EXERCISE INSTRUCTIONS. Below are some records. Print exactly the lines between the one holding "ราคา Toshiba ตู้เย็น" and the one holding "Winnie-The-Pooh and Other", inclusive, and nothing else.

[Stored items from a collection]
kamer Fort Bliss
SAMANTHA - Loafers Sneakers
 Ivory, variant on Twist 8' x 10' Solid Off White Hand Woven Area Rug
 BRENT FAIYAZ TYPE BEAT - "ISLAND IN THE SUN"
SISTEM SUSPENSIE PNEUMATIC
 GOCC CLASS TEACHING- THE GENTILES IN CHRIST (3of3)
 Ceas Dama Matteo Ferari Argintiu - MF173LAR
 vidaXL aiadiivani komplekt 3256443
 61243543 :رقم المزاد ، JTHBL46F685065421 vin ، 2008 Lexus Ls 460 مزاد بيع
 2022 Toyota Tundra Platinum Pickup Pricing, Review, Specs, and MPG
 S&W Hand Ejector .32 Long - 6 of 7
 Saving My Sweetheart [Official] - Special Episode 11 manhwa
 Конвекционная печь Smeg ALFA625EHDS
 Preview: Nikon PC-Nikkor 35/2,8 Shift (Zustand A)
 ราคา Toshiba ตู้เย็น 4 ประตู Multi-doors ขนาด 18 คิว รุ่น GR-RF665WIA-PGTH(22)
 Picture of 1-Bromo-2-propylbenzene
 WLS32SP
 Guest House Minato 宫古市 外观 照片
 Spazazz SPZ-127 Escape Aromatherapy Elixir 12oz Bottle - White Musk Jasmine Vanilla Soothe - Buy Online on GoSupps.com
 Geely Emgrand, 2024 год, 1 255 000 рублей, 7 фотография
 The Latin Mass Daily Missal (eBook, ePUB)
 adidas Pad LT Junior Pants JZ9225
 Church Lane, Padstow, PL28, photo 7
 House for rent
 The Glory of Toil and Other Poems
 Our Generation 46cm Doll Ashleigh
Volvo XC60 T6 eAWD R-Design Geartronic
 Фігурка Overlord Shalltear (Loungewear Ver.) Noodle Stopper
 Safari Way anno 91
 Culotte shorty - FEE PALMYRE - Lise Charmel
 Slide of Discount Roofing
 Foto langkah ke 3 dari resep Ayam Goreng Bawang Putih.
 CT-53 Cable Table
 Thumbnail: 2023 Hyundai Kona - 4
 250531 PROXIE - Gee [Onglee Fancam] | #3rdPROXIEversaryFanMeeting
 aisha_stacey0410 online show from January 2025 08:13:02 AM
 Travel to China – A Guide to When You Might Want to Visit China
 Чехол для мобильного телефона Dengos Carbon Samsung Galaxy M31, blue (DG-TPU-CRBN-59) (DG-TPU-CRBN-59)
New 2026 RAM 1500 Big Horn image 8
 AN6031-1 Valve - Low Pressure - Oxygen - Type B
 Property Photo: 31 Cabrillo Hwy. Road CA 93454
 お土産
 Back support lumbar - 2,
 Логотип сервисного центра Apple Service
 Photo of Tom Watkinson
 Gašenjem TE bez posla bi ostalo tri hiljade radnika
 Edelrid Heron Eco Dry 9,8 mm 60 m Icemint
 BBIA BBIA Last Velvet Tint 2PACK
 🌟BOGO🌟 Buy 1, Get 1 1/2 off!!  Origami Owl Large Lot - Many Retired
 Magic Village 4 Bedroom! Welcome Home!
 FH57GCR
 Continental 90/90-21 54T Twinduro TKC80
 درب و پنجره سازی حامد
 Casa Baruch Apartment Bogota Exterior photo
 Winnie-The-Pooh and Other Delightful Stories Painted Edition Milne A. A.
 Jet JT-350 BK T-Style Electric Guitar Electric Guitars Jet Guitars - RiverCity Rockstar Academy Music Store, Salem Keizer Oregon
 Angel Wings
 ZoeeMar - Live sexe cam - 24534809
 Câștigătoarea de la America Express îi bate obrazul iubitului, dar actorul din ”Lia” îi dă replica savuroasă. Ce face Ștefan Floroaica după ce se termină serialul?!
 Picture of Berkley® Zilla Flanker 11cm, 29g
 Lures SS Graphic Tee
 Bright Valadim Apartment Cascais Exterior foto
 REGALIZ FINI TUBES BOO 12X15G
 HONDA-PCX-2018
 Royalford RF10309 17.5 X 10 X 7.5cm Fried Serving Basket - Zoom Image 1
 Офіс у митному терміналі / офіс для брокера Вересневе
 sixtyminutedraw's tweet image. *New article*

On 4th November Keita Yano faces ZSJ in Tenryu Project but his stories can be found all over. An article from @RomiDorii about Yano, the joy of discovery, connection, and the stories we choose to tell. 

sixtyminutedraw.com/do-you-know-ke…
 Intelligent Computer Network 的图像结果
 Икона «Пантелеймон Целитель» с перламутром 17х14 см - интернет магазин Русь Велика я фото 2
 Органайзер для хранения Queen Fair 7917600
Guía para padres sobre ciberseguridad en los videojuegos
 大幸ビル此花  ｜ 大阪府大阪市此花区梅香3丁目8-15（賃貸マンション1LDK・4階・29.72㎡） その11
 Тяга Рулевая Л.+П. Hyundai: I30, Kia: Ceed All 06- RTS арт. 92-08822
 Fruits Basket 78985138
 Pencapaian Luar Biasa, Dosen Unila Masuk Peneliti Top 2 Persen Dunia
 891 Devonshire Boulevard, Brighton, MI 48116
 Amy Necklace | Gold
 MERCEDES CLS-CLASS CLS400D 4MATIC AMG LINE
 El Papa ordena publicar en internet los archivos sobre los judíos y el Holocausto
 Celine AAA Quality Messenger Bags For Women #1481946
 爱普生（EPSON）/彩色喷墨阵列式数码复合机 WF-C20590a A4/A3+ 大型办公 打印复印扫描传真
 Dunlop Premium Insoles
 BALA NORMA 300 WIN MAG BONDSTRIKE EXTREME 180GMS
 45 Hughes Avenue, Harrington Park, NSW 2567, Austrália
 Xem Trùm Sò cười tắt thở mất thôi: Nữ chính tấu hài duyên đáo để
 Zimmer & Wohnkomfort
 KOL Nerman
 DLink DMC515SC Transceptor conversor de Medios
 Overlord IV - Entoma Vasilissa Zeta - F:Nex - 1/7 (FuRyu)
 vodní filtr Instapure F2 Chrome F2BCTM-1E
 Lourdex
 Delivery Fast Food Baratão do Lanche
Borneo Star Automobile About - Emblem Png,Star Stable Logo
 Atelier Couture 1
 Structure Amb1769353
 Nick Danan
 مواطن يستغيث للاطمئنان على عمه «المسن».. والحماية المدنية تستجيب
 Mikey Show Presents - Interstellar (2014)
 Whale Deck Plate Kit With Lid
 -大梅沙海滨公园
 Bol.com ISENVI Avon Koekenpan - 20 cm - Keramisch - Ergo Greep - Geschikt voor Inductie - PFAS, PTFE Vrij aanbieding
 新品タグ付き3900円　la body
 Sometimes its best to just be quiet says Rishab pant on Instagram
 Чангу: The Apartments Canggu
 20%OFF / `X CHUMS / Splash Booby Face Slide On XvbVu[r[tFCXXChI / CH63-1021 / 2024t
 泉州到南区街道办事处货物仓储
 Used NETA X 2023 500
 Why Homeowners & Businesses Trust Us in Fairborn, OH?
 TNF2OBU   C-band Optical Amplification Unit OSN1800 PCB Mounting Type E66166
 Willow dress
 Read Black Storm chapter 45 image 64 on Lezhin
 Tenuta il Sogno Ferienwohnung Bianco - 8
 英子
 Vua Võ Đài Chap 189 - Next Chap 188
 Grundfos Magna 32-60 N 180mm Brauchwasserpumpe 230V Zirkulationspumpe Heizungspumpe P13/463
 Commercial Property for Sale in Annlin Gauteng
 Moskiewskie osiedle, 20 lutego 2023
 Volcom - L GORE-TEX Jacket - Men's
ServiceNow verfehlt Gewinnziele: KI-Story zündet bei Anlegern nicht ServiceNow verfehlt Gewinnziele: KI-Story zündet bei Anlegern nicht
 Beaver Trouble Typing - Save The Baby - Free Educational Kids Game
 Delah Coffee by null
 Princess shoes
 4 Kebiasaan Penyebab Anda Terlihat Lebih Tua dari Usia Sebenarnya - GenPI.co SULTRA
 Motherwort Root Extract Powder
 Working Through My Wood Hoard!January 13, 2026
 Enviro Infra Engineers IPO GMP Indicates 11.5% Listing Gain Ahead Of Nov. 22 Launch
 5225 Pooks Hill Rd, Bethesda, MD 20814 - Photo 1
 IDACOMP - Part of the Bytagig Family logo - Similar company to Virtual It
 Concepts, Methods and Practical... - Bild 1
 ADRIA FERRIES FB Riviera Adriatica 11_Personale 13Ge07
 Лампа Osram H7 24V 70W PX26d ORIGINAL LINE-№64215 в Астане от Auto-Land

REPLY TO THE TASK.
 ราคา Toshiba ตู้เย็น 4 ประตู Multi-doors ขนาด 18 คิว รุ่น GR-RF665WIA-PGTH(22)
 Picture of 1-Bromo-2-propylbenzene
 WLS32SP
 Guest House Minato 宫古市 外观 照片
 Spazazz SPZ-127 Escape Aromatherapy Elixir 12oz Bottle - White Musk Jasmine Vanilla Soothe - Buy Online on GoSupps.com
 Geely Emgrand, 2024 год, 1 255 000 рублей, 7 фотография
 The Latin Mass Daily Missal (eBook, ePUB)
 adidas Pad LT Junior Pants JZ9225
 Church Lane, Padstow, PL28, photo 7
 House for rent
 The Glory of Toil and Other Poems
 Our Generation 46cm Doll Ashleigh
Volvo XC60 T6 eAWD R-Design Geartronic
 Фігурка Overlord Shalltear (Loungewear Ver.) Noodle Stopper
 Safari Way anno 91
 Culotte shorty - FEE PALMYRE - Lise Charmel
 Slide of Discount Roofing
 Foto langkah ke 3 dari resep Ayam Goreng Bawang Putih.
 CT-53 Cable Table
 Thumbnail: 2023 Hyundai Kona - 4
 250531 PROXIE - Gee [Onglee Fancam] | #3rdPROXIEversaryFanMeeting
 aisha_stacey0410 online show from January 2025 08:13:02 AM
 Travel to China – A Guide to When You Might Want to Visit China
 Чехол для мобильного телефона Dengos Carbon Samsung Galaxy M31, blue (DG-TPU-CRBN-59) (DG-TPU-CRBN-59)
New 2026 RAM 1500 Big Horn image 8
 AN6031-1 Valve - Low Pressure - Oxygen - Type B
 Property Photo: 31 Cabrillo Hwy. Road CA 93454
 お土産
 Back support lumbar - 2,
 Логотип сервисного центра Apple Service
 Photo of Tom Watkinson
 Gašenjem TE bez posla bi ostalo tri hiljade radnika
 Edelrid Heron Eco Dry 9,8 mm 60 m Icemint
 BBIA BBIA Last Velvet Tint 2PACK
 🌟BOGO🌟 Buy 1, Get 1 1/2 off!!  Origami Owl Large Lot - Many Retired
 Magic Village 4 Bedroom! Welcome Home!
 FH57GCR
 Continental 90/90-21 54T Twinduro TKC80
 درب و پنجره سازی حامد
 Casa Baruch Apartment Bogota Exterior photo
 Winnie-The-Pooh and Other Delightful Stories Painted Edition Milne A. A.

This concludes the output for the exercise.